Required work →
Take the entries below and reproduce exactly the portion that begins at the line containing "Silvia Larrucea Echevarria" and ends at the line containing "Bathroom, Yaka Esinti Villa, Fethiye", keeping both ends, dropping pictures, and adding nothing else.

Given entries →
>>>>>
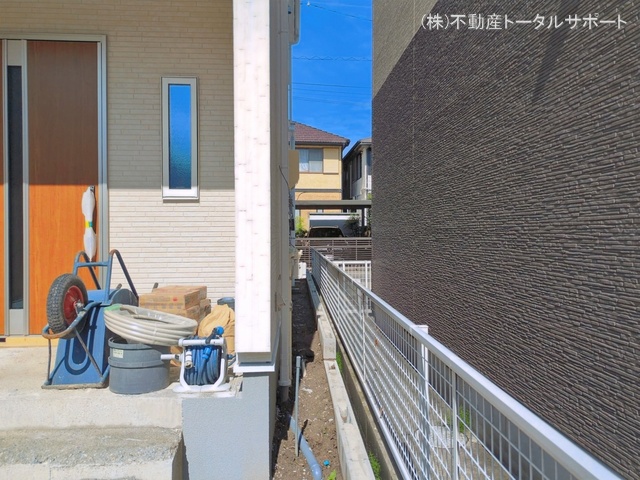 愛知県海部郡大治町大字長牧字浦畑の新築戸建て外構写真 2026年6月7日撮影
<<<<<
>>>>>
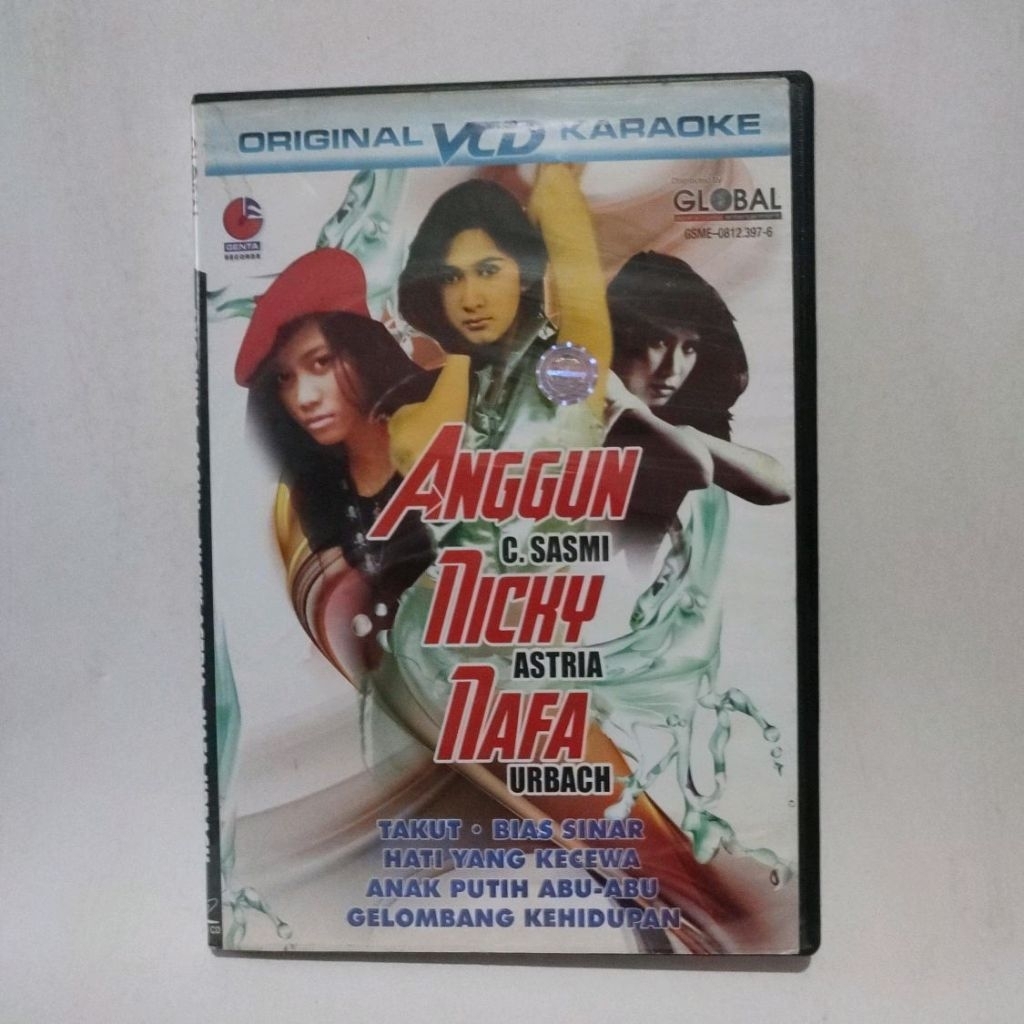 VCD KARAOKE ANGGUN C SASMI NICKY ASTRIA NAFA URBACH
<<<<<
>>>>>
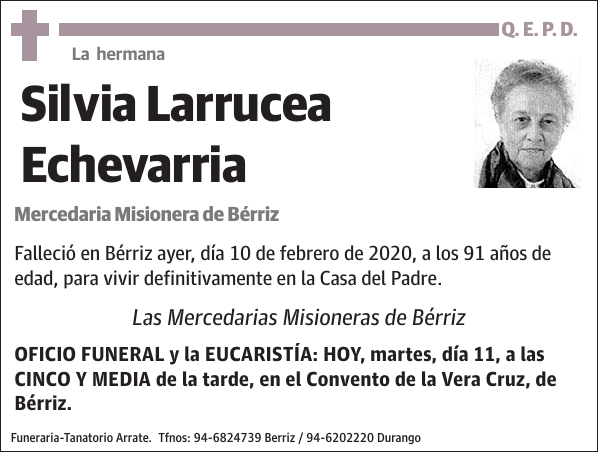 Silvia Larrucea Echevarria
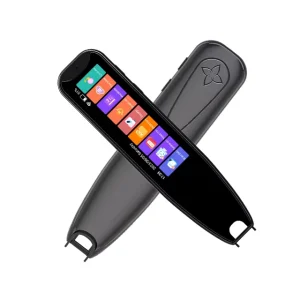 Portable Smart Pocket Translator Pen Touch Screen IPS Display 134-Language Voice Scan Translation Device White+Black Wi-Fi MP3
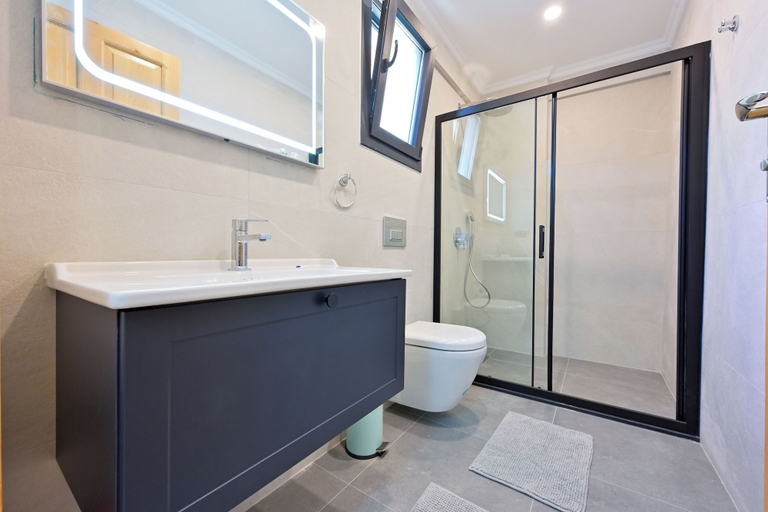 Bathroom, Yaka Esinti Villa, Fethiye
<<<<<
Reply →
 Silvia Larrucea Echevarria
 Portable Smart Pocket Translator Pen Touch Screen IPS Display 134-Language Voice Scan Translation Device White+Black Wi-Fi MP3
 Bathroom, Yaka Esinti Villa, Fethiye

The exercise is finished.